Copying rule for the data below: pictures stay out, and only the lines from the one with "So this is the" down to the one with "Today we're going", inclusive, are repeated exactly.

**Information supplied**
Start of Block

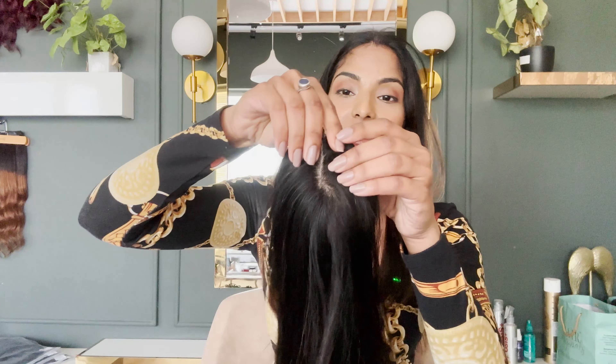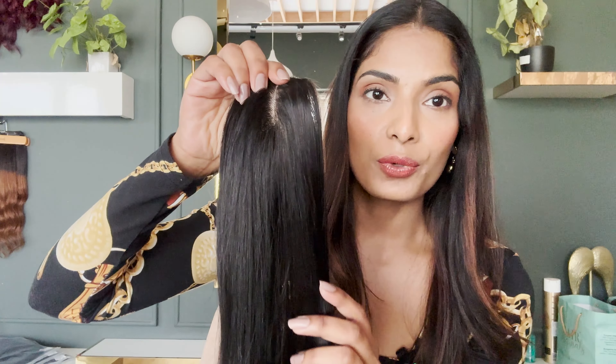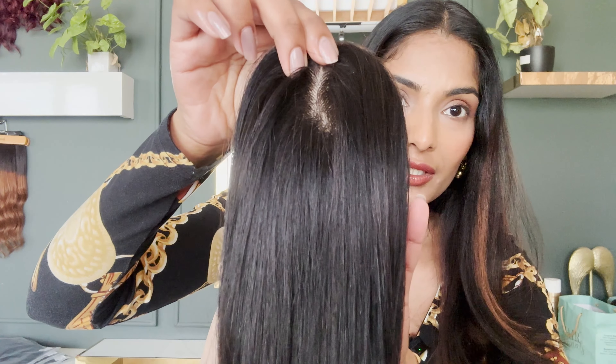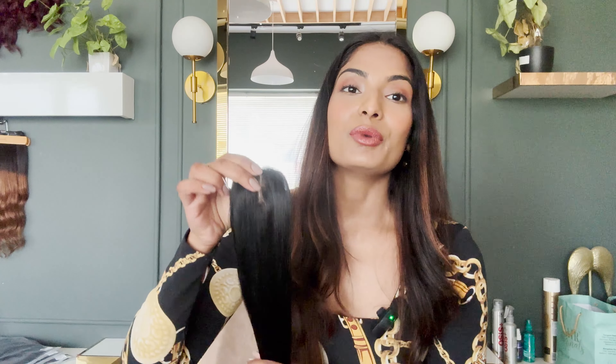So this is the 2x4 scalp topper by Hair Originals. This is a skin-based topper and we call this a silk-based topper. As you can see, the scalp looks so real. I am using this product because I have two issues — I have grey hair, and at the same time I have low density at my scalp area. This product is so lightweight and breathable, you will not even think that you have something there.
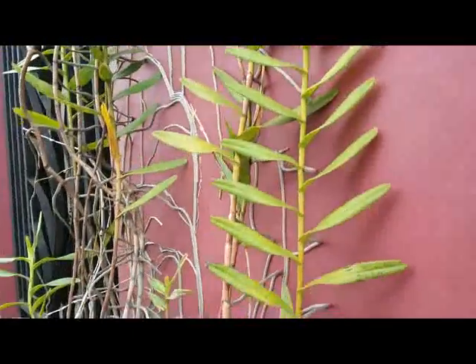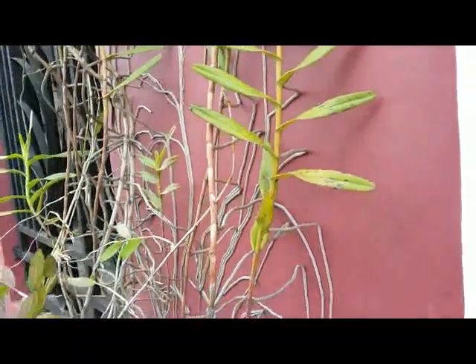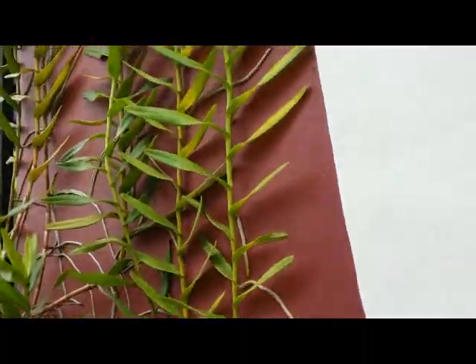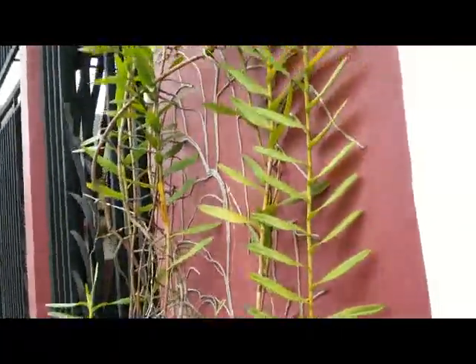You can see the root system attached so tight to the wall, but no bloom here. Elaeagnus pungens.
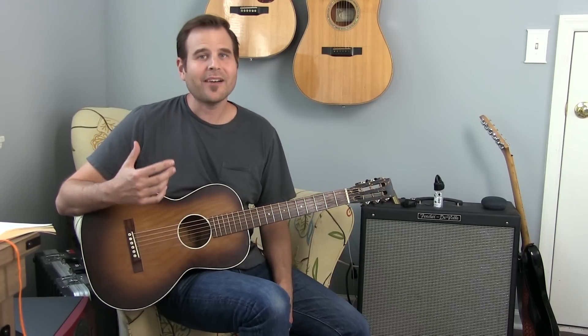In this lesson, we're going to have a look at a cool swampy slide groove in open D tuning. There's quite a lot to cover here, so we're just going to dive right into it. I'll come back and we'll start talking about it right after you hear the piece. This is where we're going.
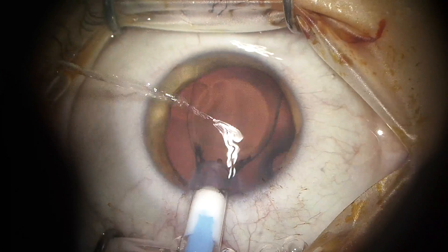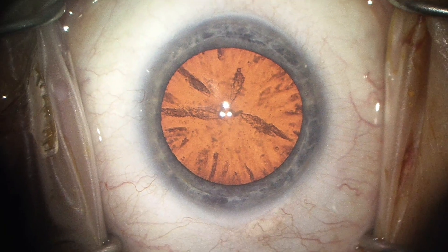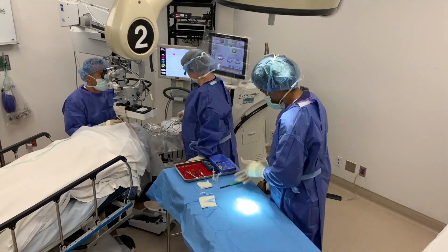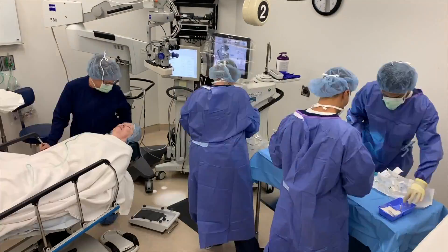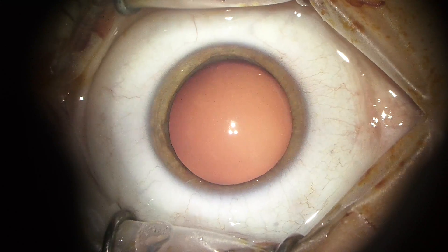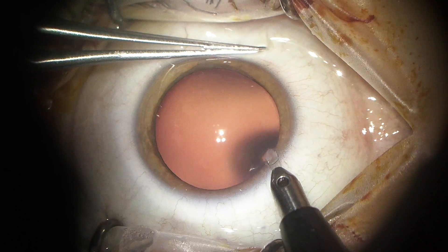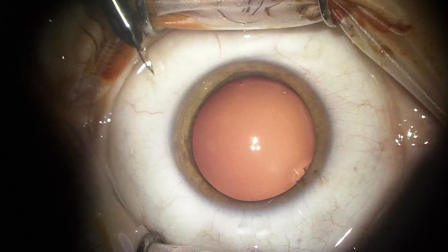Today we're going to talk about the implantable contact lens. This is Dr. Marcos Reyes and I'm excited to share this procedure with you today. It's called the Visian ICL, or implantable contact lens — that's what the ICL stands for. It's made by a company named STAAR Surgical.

End of Block
Start of Block

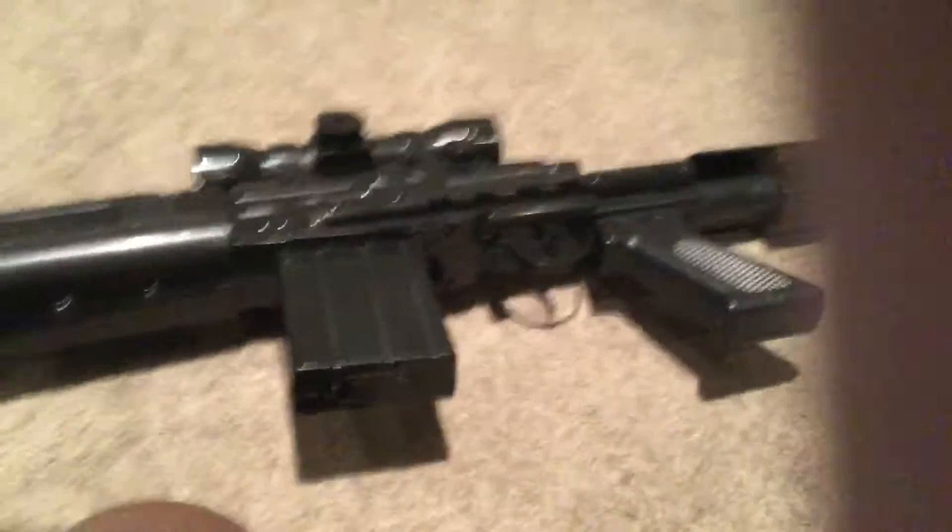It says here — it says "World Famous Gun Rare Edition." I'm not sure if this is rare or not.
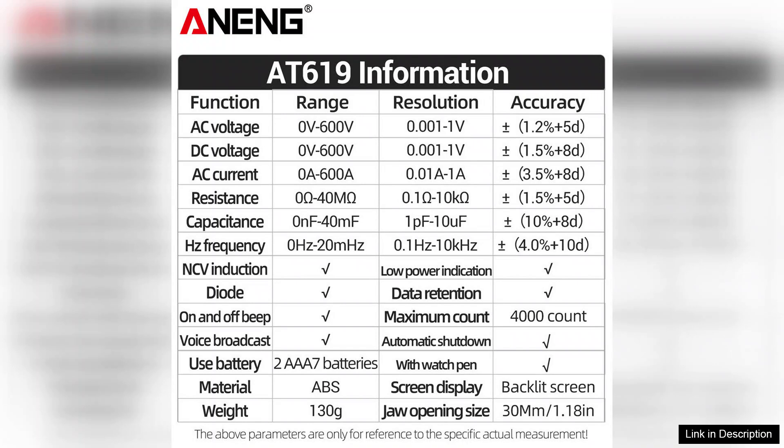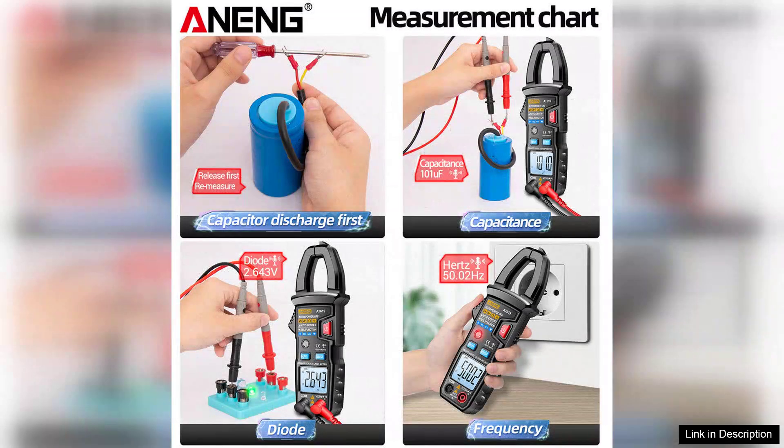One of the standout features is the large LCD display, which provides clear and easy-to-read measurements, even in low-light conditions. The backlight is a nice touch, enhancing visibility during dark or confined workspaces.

End of Block
Start of Block

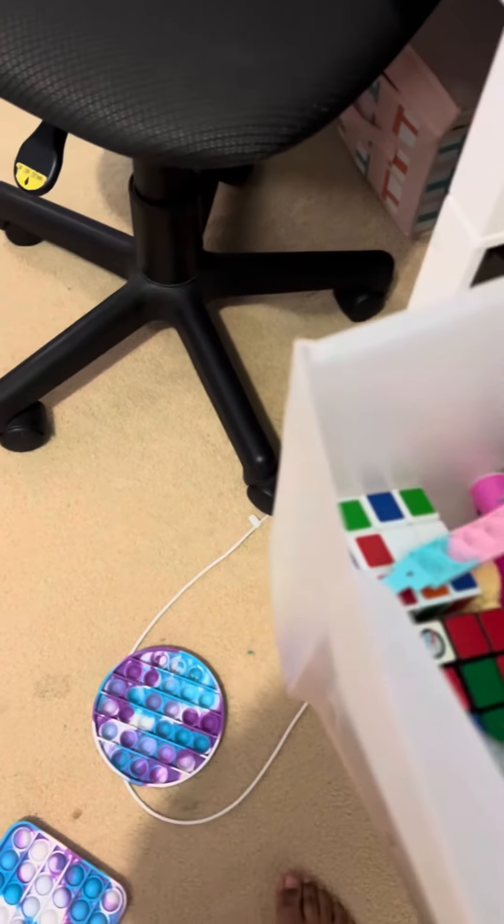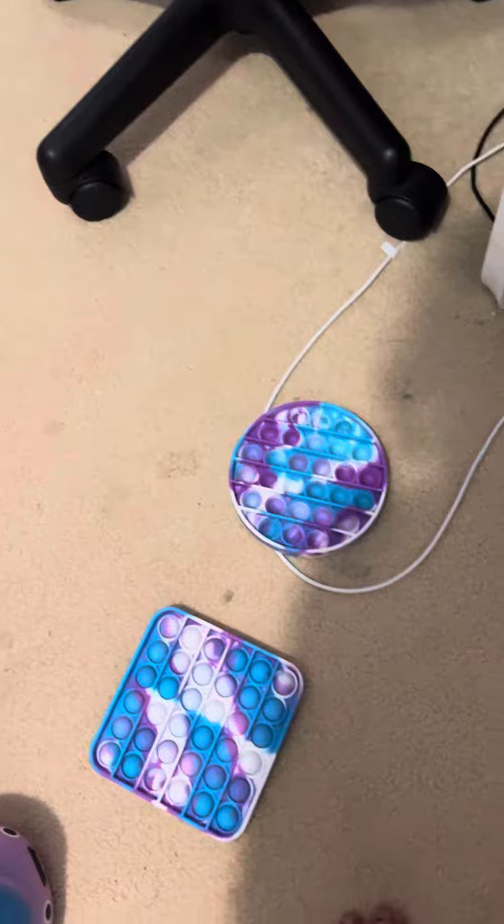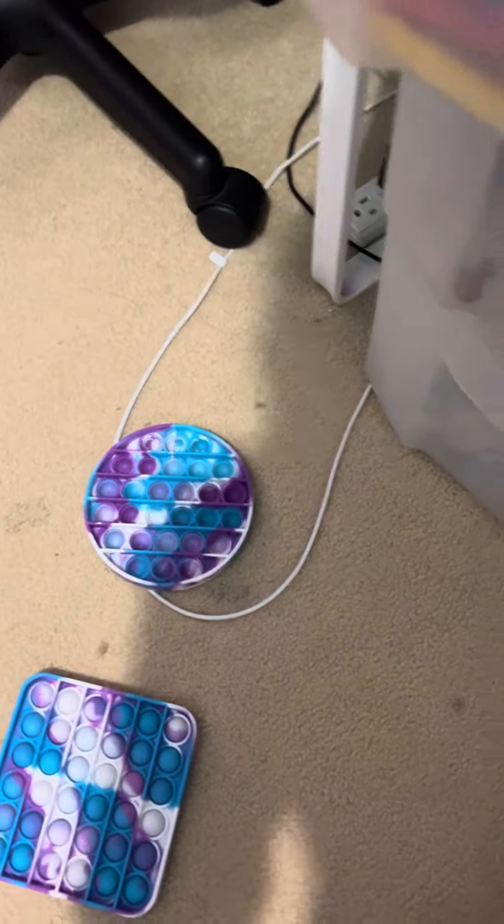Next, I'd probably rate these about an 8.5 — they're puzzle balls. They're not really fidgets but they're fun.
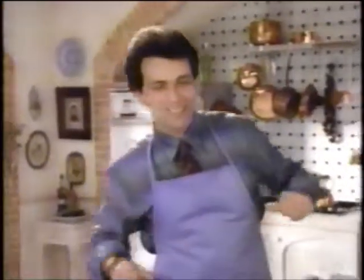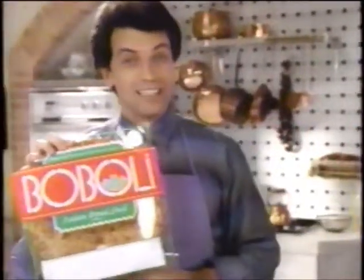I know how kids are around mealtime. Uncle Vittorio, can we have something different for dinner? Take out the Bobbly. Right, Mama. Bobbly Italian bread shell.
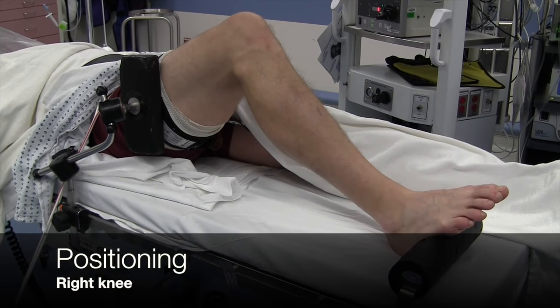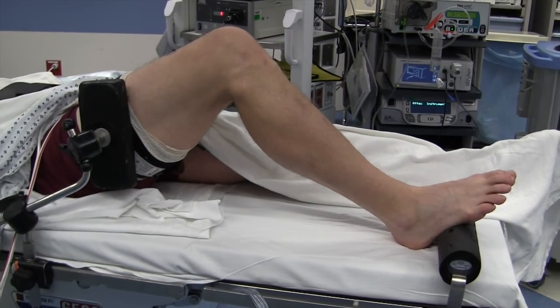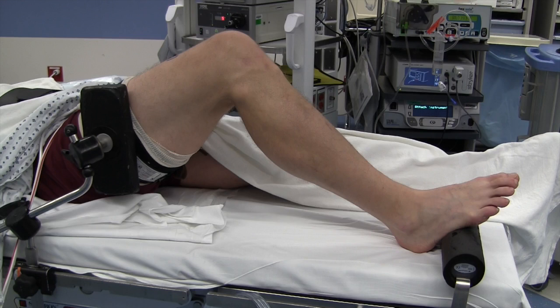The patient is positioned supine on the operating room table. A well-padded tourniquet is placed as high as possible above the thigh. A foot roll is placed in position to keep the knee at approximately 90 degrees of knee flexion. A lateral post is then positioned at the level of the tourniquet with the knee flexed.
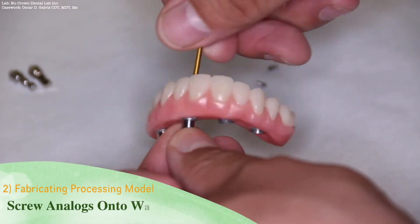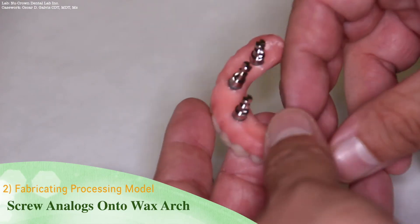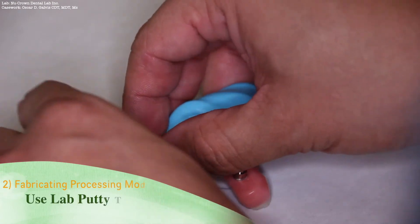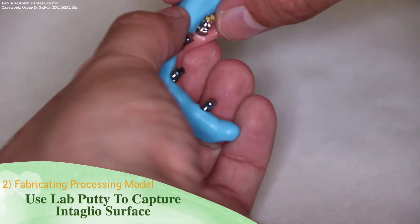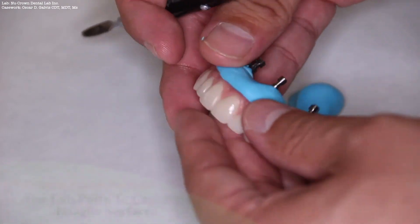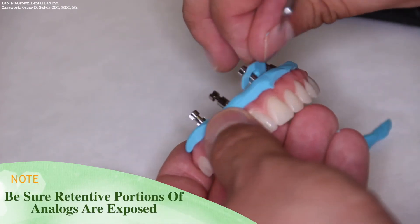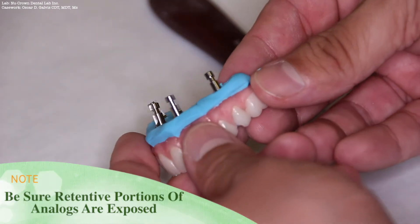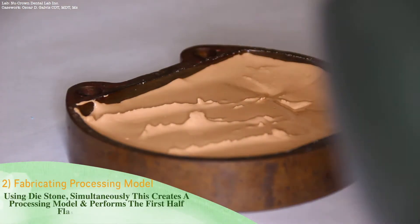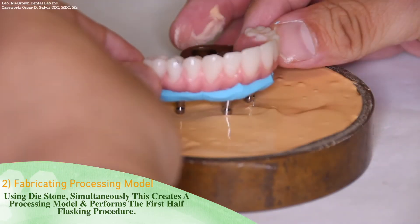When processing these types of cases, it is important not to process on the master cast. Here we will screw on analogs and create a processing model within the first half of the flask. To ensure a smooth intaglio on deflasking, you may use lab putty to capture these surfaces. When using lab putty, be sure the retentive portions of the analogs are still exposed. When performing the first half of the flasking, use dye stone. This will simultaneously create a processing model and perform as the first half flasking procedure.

End of Block

**Result of this task**
So this is the 2x4 scalp topper by Hair Originals. This is a skin-based topper and we call this a silk-based topper. As you can see, the scalp looks so real. I am using this product because I have two issues — I have grey hair, and at the same time I have low density at my scalp area. This product is so lightweight and breathable, you will not even think that you have something there.
You can see the root system attached so tight to the wall, but no bloom here. Elaeagnus pungens.
In this lesson, we're going to have a look at a cool swampy slide groove in open D tuning. There's quite a lot to cover here, so we're just going to dive right into it. I'll come back and we'll start talking about it right after you hear the piece. This is where we're going.
Today we're going to talk about the implantable contact lens. This is Dr. Marcos Reyes and I'm excited to share this procedure with you today. It's called the Visian ICL, or implantable contact lens — that's what the ICL stands for. It's made by a company named STAAR Surgical.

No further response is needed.